[EXTRACTED DATA Boundary: Start]

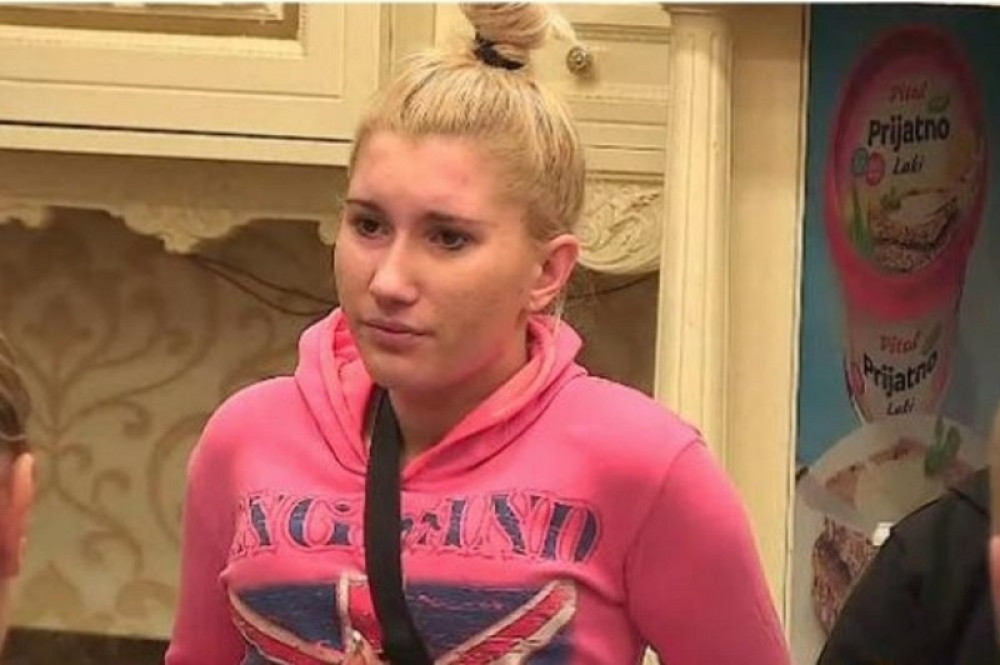 Sanja Spasovević Barbi raskrinkala Milojka Božića: "Virili ste dok je Milijana imala seks sa Žapcem! Vi ste matori pokvarenjak!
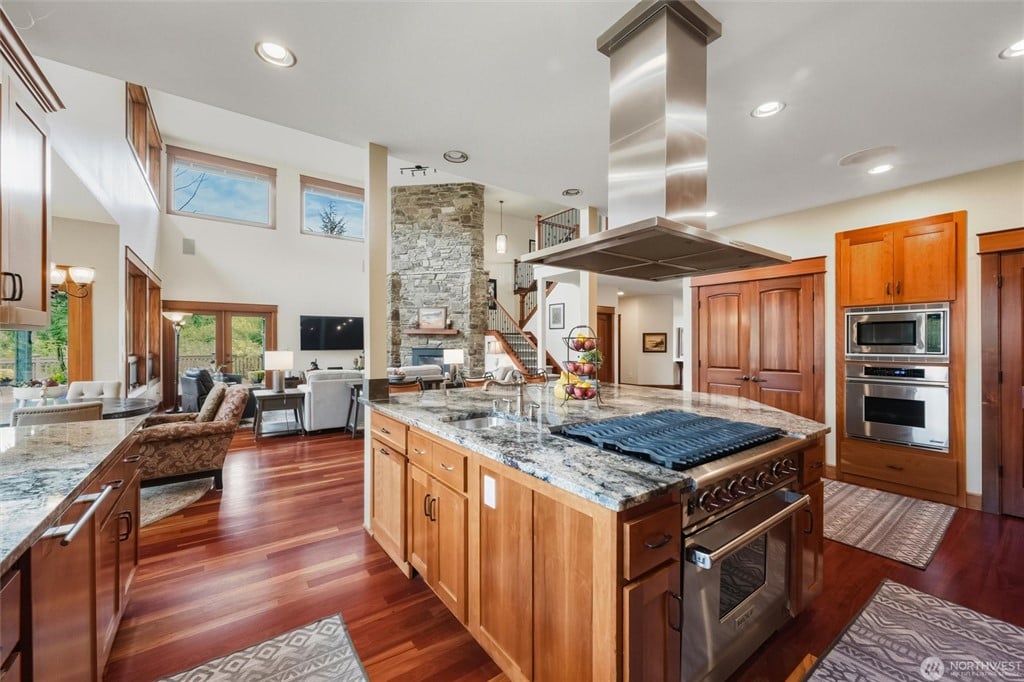 15713 365th Avenue SE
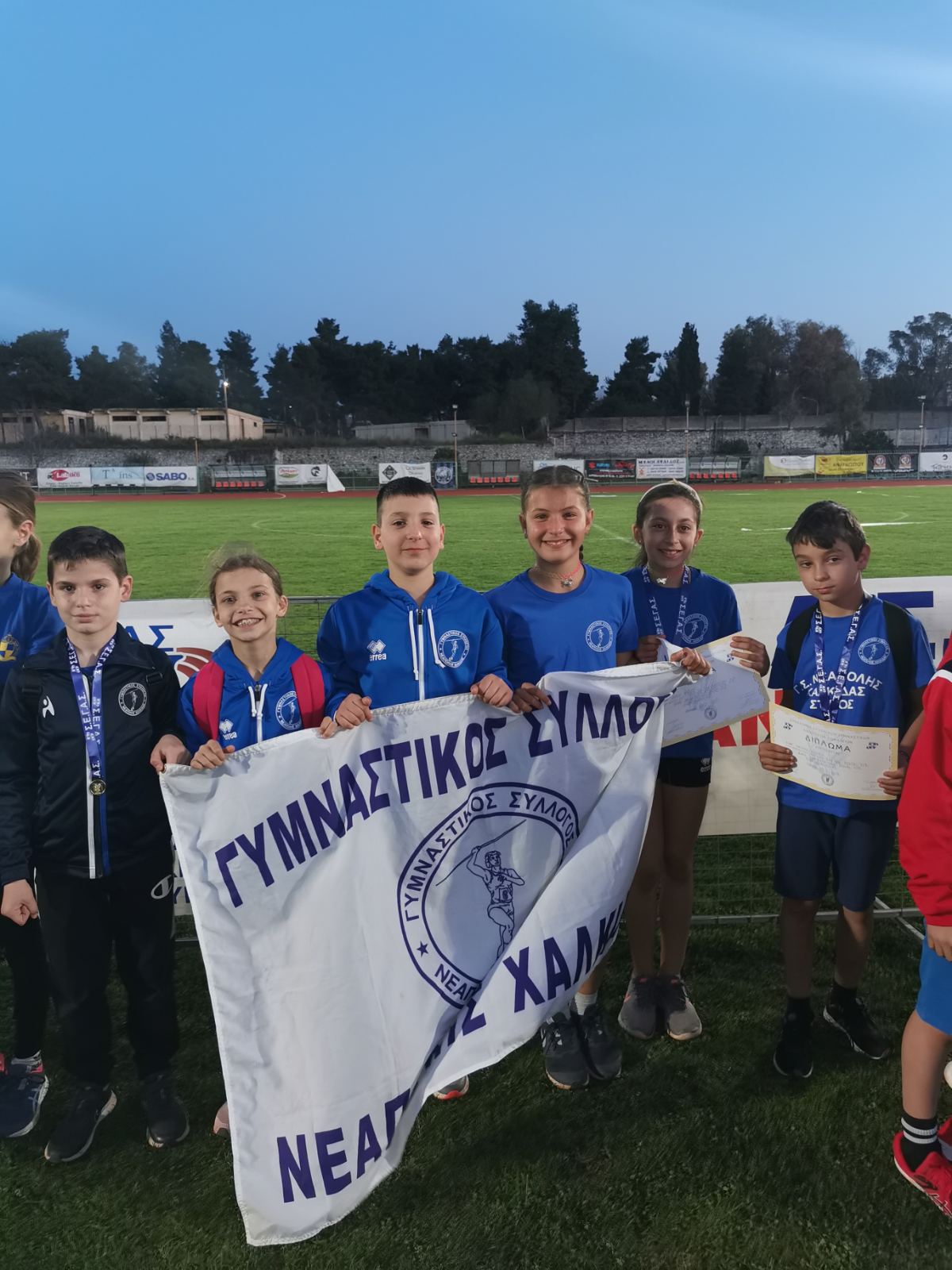 gs2022-289-tetrathlo_a-105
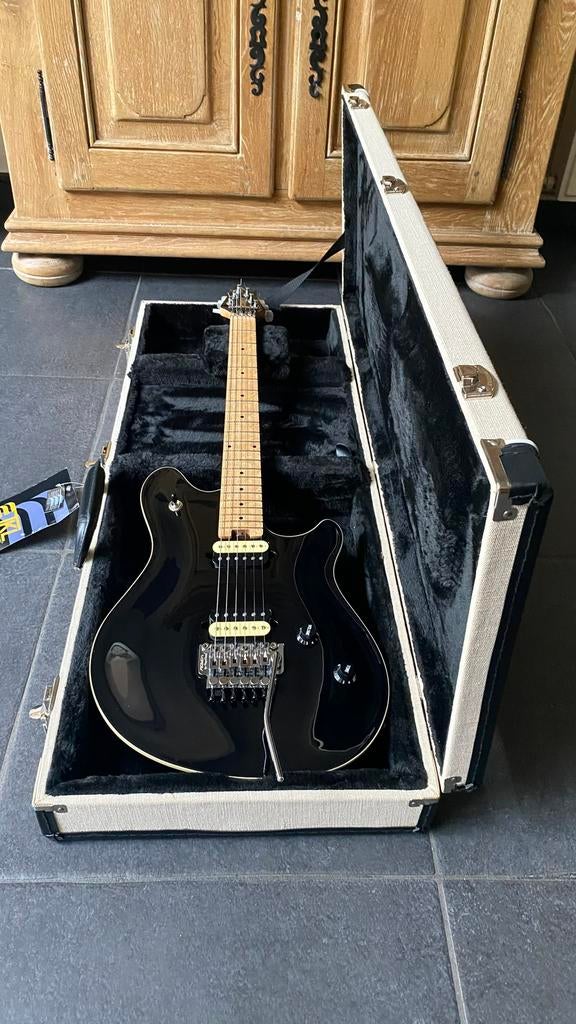 Peavey HP2 NOS Zwart – Eddie Van Halen – Topstaat, Muziek en Instrumenten, Snaarinstrumenten | Gitaren | Elektrisch, Zo goed als nieuw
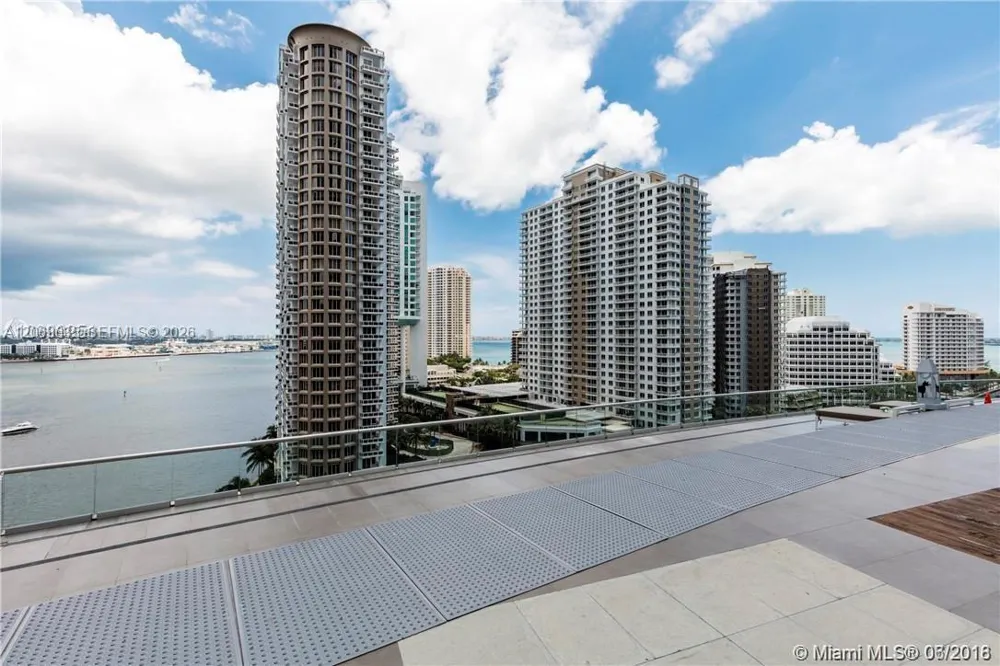 465 Brickell Ave #604 Miami, FL 33131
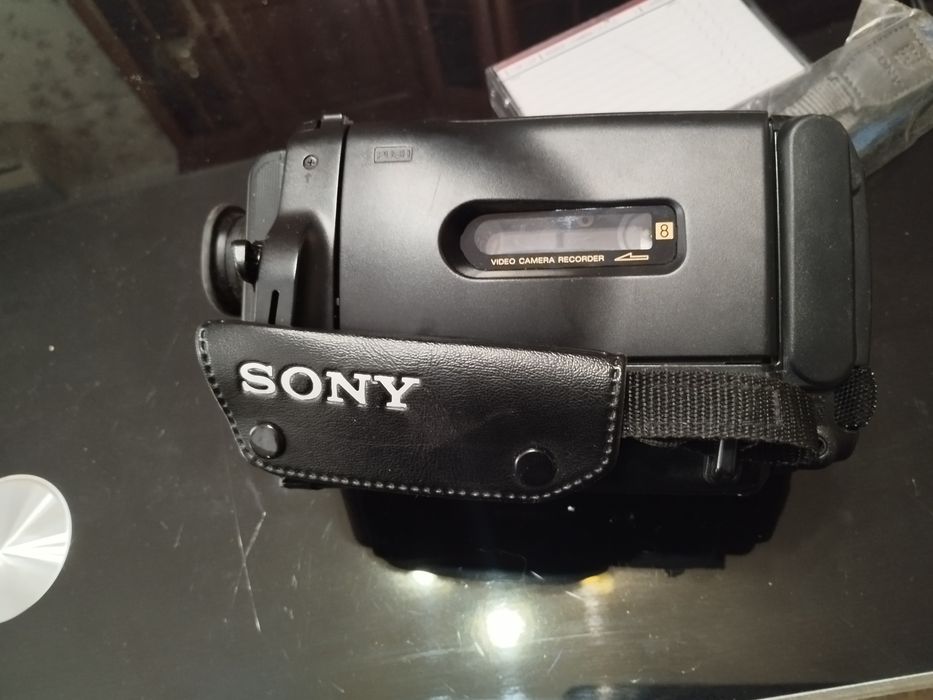 Видеокамера Sony CCD-TR330E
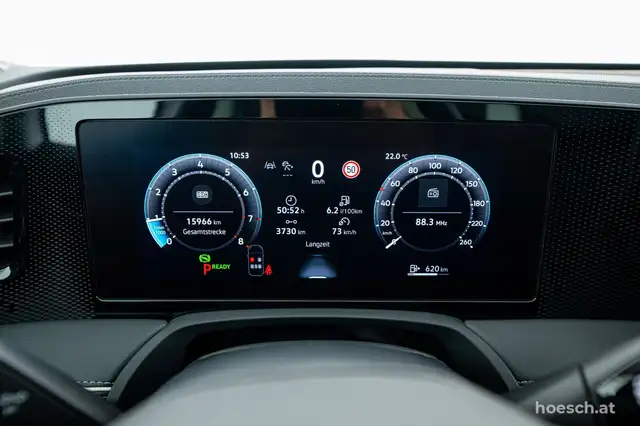 Volkswagen Passat view 10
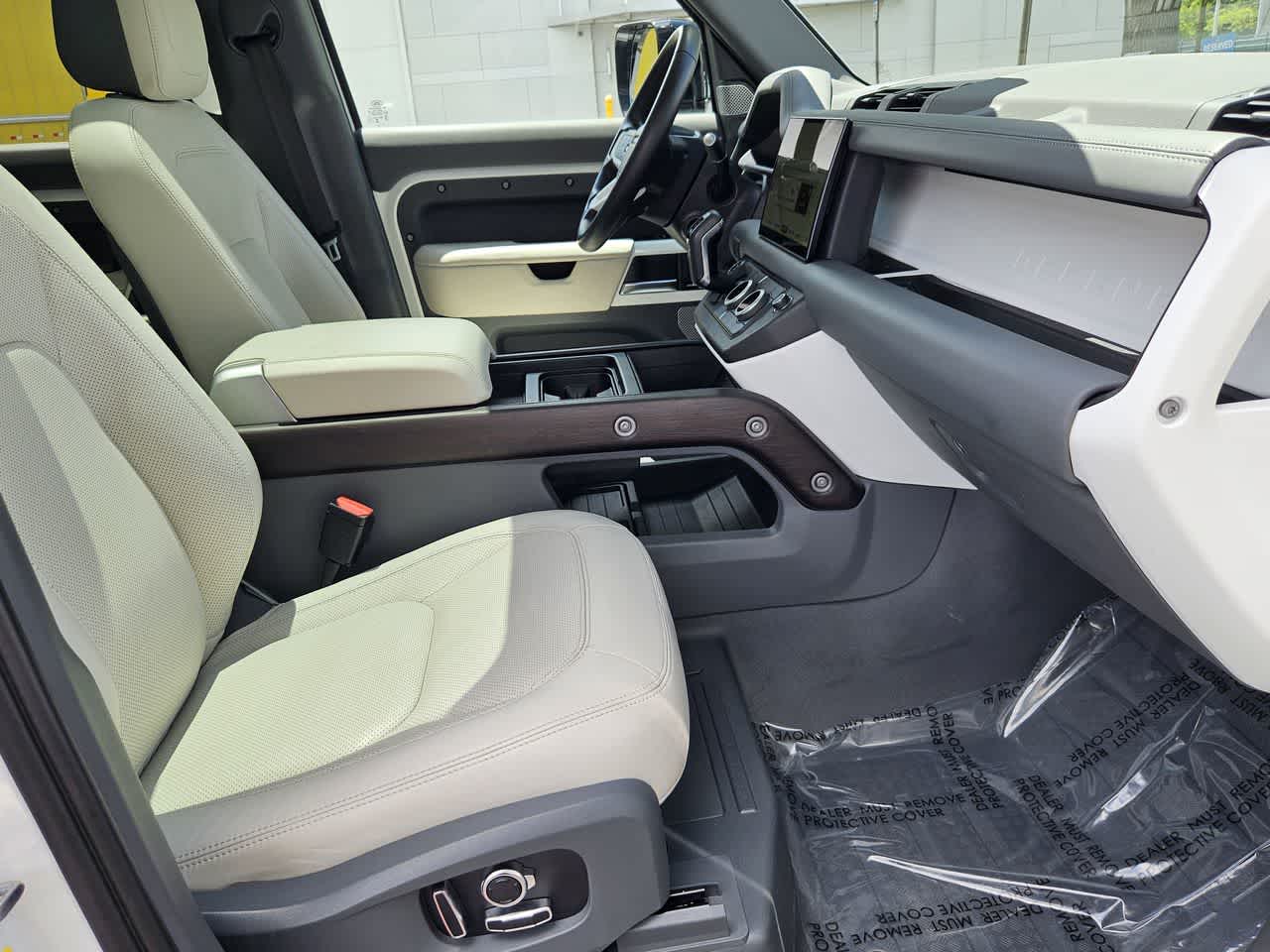 Thumbnail: 2023 Land Rover Defender - 24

[EXTRACTED DATA Boundary: End]

> _ACTION ITEM_
Above are the records; repeat their lines from the first through the line containing "Видеокамера Sony CCD-TR330E", and leave out each picture.

> _FINAL ANSWER_
 Sanja Spasovević Barbi raskrinkala Milojka Božića: "Virili ste dok je Milijana imala seks sa Žapcem! Vi ste matori pokvarenjak!
 15713 365th Avenue SE
 gs2022-289-tetrathlo_a-105
 Peavey HP2 NOS Zwart – Eddie Van Halen – Topstaat, Muziek en Instrumenten, Snaarinstrumenten | Gitaren | Elektrisch, Zo goed als nieuw
 465 Brickell Ave #604 Miami, FL 33131
 Видеокамера Sony CCD-TR330E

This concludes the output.